Tentang sistem pemerintahan, Haekal menjelaskan bahwa dalam Islam tidak terdapat sistem pemerintahan yang baku. Umat Islam bebas menganut sistem pemerintahan apa pun, asalkan sistem tersebut menjamin persamaan hak antara para warga negaranya, pengelolaan urusan negara diselenggarakan atas prinsip musyawarah, serta berpegang pada tata nilai moral dan etika yang diajarkan Islam. Pengalamannya di dunia pemerintahan selama kurang lebih 15 tahun turut memperkaya tema tulisannya tentang politik.

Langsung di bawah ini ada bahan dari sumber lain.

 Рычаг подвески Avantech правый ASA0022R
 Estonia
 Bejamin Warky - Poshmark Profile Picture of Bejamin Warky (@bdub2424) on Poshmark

Sebagai pengikut Muhammad Abduh, Haekal amat mengutamakan kemerdekaaan individu dan kebebasan berpikir. Menurutnya, ajaran Islam sangat mementingkan kebebasan berpikir, sebab antara agama dan ilmu tidak bertentangan serta tidak akan pernah terjadi pertentangan di antara keduanya. Kalau ada pertentangan, dapat dipastikan bahwa yang bertentangan itu hanyalah antara orang ahli agama dan ahli ilmu. Pendapatnya tentang agama dan ilmu termuat dalam bukunya al-Aiman wa al-Ma‘rifah wa al-Falsafah.
Daftar Pustaka
Haekal, Muhammad Husain. Fi Manzil al-Wahy. Cairo: Dar al-Ma‘arif, t.t.
–––––––. Hayah Muhammad. Cairo: Dar al-Ma‘arif, 1971.
–––––––. as-Shiddiq Abu Bakar. Cairo: Dar al-Ma‘arif, t.t.
–––––––. Tarajum Mishriyyah wa Garbiyyah. Cairo: Dar al-Ma‘arif, t.t.
–––––––. Utsman Ibn ‘Affan. Cairo: Dar al-Ma‘arif, t.t.